35 Years Ago Today U.S. Air Force Received First Operational Rockwell B-1B Lancer Bomber
The B-1B lancer entered service in 1986 and was designed as a strategic bomber with supersonic speed. Photo by Senior Airman Jeffrey Withrow

Thirty-five years ago, the first B-1B Lancer long-range, multi-mission, supersonic conventional bomber was delivered to the U.S. Air Force.
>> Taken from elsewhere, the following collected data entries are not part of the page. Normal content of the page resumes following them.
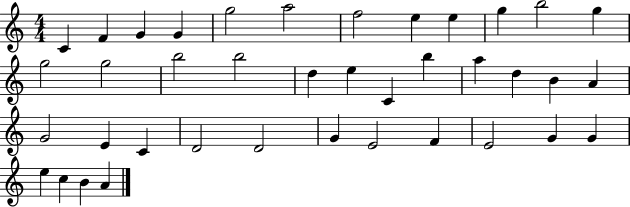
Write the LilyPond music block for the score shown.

{
  \clef treble
  \numericTimeSignature
  \time 4/4
  \key c \major
  c'4 f'4 g'4 g'4 | g''2 a''2 | f''2 e''4 e''4 | g''4 b''2 g''4 | \break g''2 g''2 | b''2 b''2 | d''4 e''4 c'4 b''4 | a''4 d''4 b'4 a'4 | \break g'2 e'4 c'4 | d'2 d'2 | g'4 e'2 f'4 | e'2 g'4 g'4 | \break e''4 c''4 b'4 a'4 | \bar "|."
}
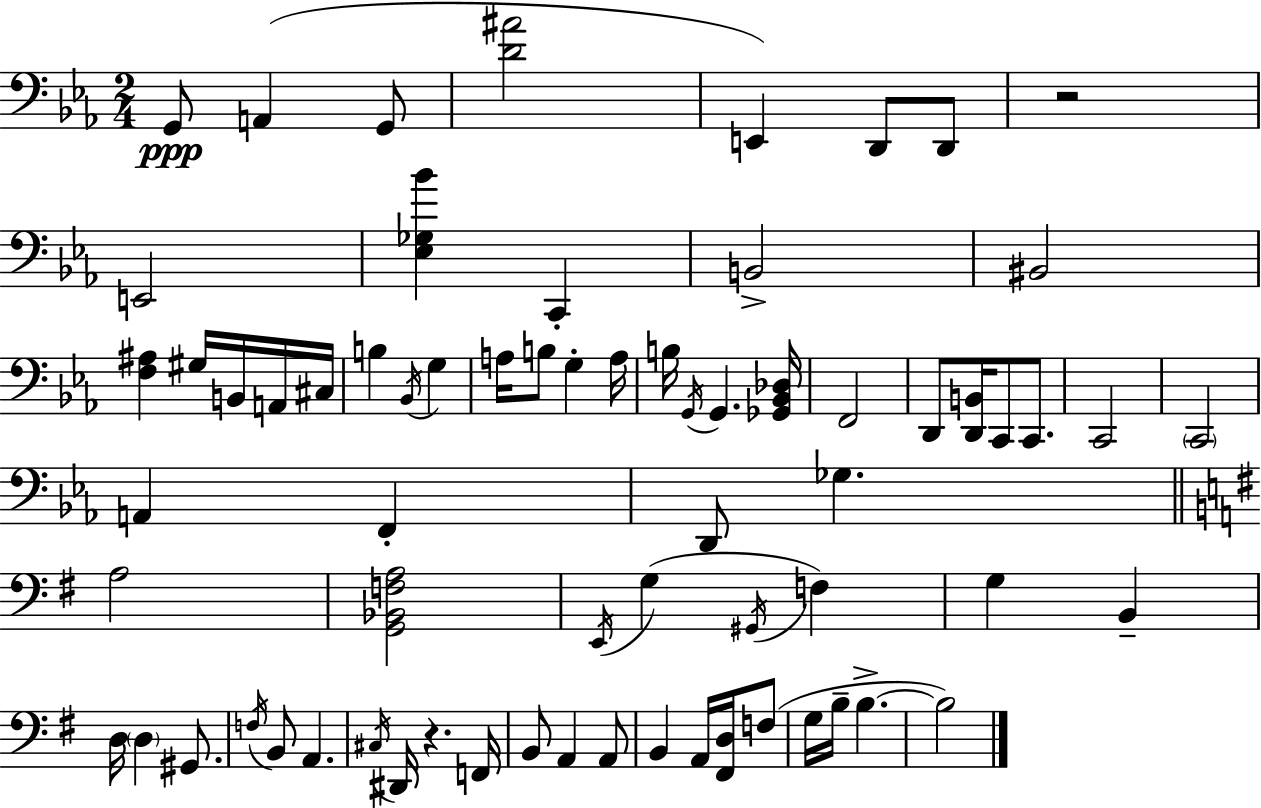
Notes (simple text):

G2/e A2/q G2/e [D4,A#4]/h E2/q D2/e D2/e R/h E2/h [Eb3,Gb3,Bb4]/q C2/q B2/h BIS2/h [F3,A#3]/q G#3/s B2/s A2/s C#3/s B3/q Bb2/s G3/q A3/s B3/e G3/q A3/s B3/s G2/s G2/q. [Gb2,Bb2,Db3]/s F2/h D2/e [D2,B2]/s C2/e C2/e. C2/h C2/h A2/q F2/q D2/e Gb3/q. A3/h [G2,Bb2,F3,A3]/h E2/s G3/q G#2/s F3/q G3/q B2/q D3/s D3/q G#2/e. F3/s B2/e A2/q. C#3/s D#2/s R/q. F2/s B2/e A2/q A2/e B2/q A2/s [F#2,D3]/s F3/e G3/s B3/s B3/q. B3/h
The Strategic Air Command received the first operational Rockwell B-1B Lancer, serial number 83-0065, Star of Abilene, at Dyess Air Force Base, Abilene, Texas. It flew for 17 years, 7 months, 23 days before being retired 1 March 2003 and preserved at Dyess.
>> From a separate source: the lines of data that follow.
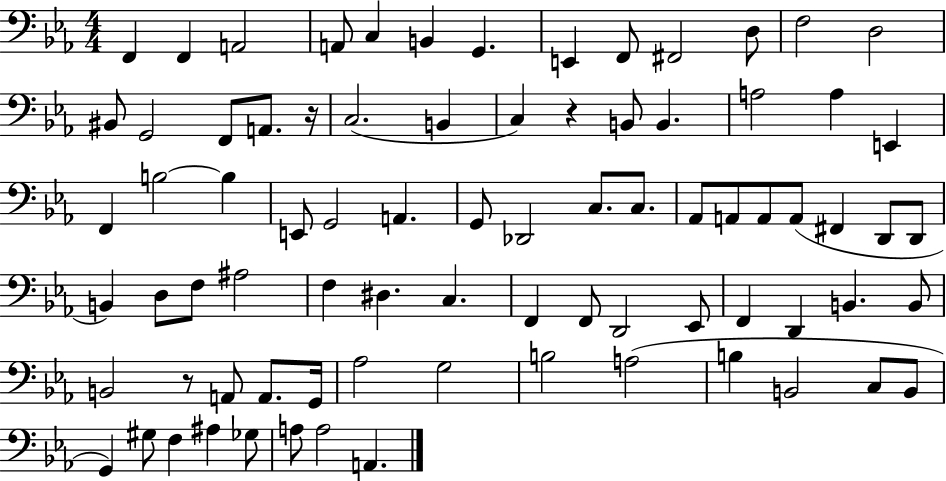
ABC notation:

X:1
T:Untitled
M:4/4
L:1/4
K:Eb
F,, F,, A,,2 A,,/2 C, B,, G,, E,, F,,/2 ^F,,2 D,/2 F,2 D,2 ^B,,/2 G,,2 F,,/2 A,,/2 z/4 C,2 B,, C, z B,,/2 B,, A,2 A, E,, F,, B,2 B, E,,/2 G,,2 A,, G,,/2 _D,,2 C,/2 C,/2 _A,,/2 A,,/2 A,,/2 A,,/2 ^F,, D,,/2 D,,/2 B,, D,/2 F,/2 ^A,2 F, ^D, C, F,, F,,/2 D,,2 _E,,/2 F,, D,, B,, B,,/2 B,,2 z/2 A,,/2 A,,/2 G,,/4 _A,2 G,2 B,2 A,2 B, B,,2 C,/2 B,,/2 G,, ^G,/2 F, ^A, _G,/2 A,/2 A,2 A,,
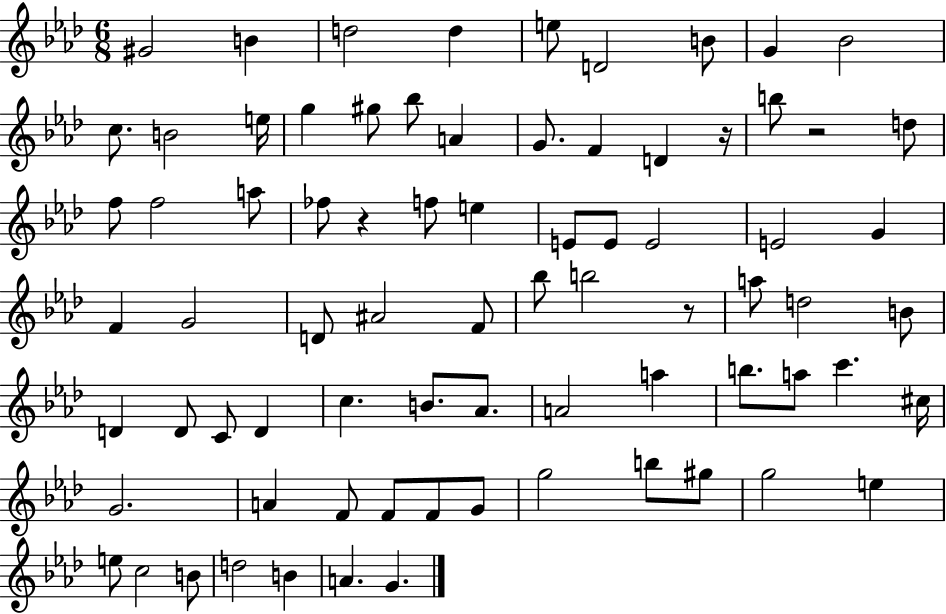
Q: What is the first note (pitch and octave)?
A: G#4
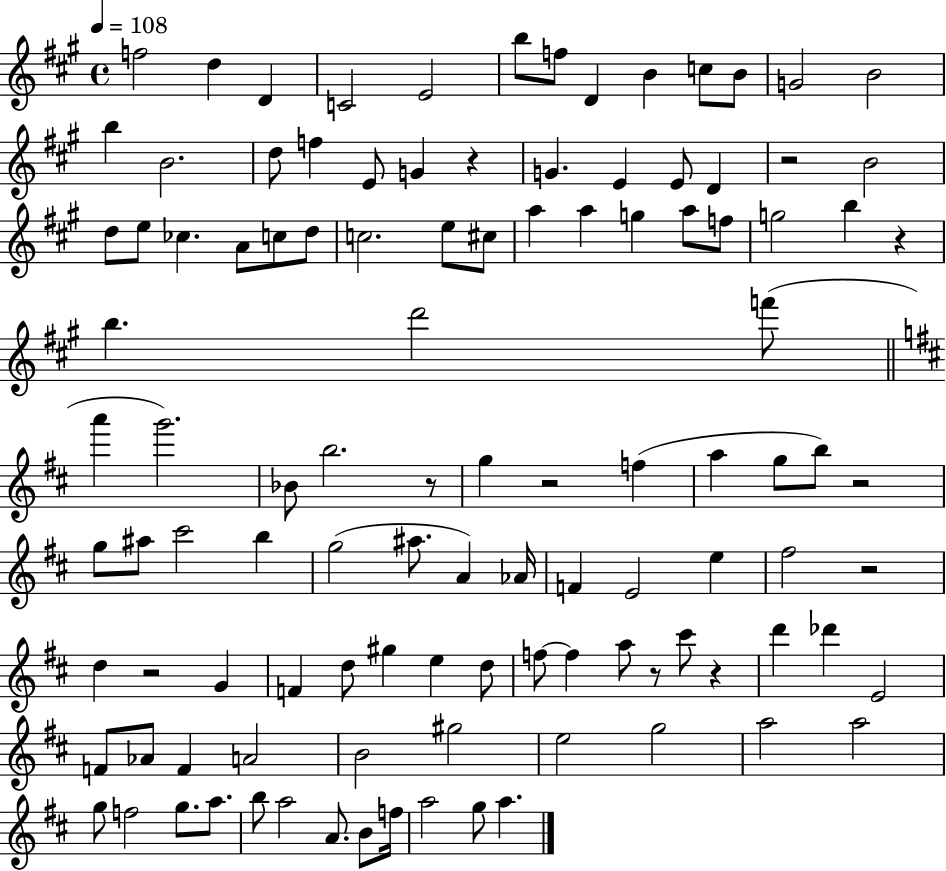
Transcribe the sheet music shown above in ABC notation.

A B-1B nicknamed Star of Abilene was the first example of the bomber to land at Dyess Air Force Base, Texas as part of a delivery ceremony in front of an air show crowd of 45,000. Initial operational capability was reached on 1 October 1986 and the B-1B was placed on nuclear alert status.

The Rockwell B-1B is a long-range, supersonic bomber with variable-sweep wings. It is operated by two pilots and two combat systems officers.

The Rockwell B-1B is 146 feet (44.501 meters) long, with the wing span varying from 79 feet (24.079 meters) to 137 feet (41.758 meters). It is 34 feet (10.363 meters) high at the top of the vertical fin.

The bomber’s empty weight is 192,000 pounds (87,090 kilograms) and the Maximum Takeoff Weight (MTOW) is 477,000 pounds (216,364 kilograms).

The B-1B is powered by four General Electric F101-GE-102 afterburning turbofan engines. This is an axial-flow engine with a 2-stage fan section, 9-stage compressor, and a 3-stage turbine (1 high- and 2 low-pressure stages).

It is rated at 17,390 pounds of thrust (77.35 kilonewtons), and 30,780 pounds of thrust (136.92 kilonewtons) with afterburner. The F101-GE-102 is 15 feet, 0.7 inches (4.590 meters) long, 4 feet, 7.2 inches (1.402 meters) in diameter, and weighs 4,460 pounds (2,023 kilograms).

The B-1B has a maximum speed of Mach 1.25 (830 miles per hour (1,336 kilometers per hour) at high altitude, or 0.92 Mach (700 miles per hour, 1,127 kilometers per hour) at 200 feet (61 meters). The Lancer has a service ceiling of 60,000 feet (18,288 meters), and an unrefueled range of 7,456 miles (11,999 kilometers).

It can carry up to 84 Mk.82 500-pound bombs, 24 Mk.84 2,000-pound bombs, or other weapons. The B-1 can carry the largest conventional payload of both guided and unguided weapons in the U.S. Air Force.

100 B-1B Lancers were built by Rockwell International’s aircraft division at Air Force Plant 42, Palmdale, California, between 1983 and 1988. As of February 2018, 62 B-1B bombers are in the active Air Force inventory.

Even today, the B-1B is evolving as a weapons platform. The aircraft continues to receive technological upgrades and cutting edge standoff munitions.

The B-1 has come a long way in its first 35 years of combat and has supported the Air Force mission and helped in maintaining the freedom of the United States. And decades later, the B-1 continues to evolve to meet the mission, ready for today’s fight and tomorrow’s needs.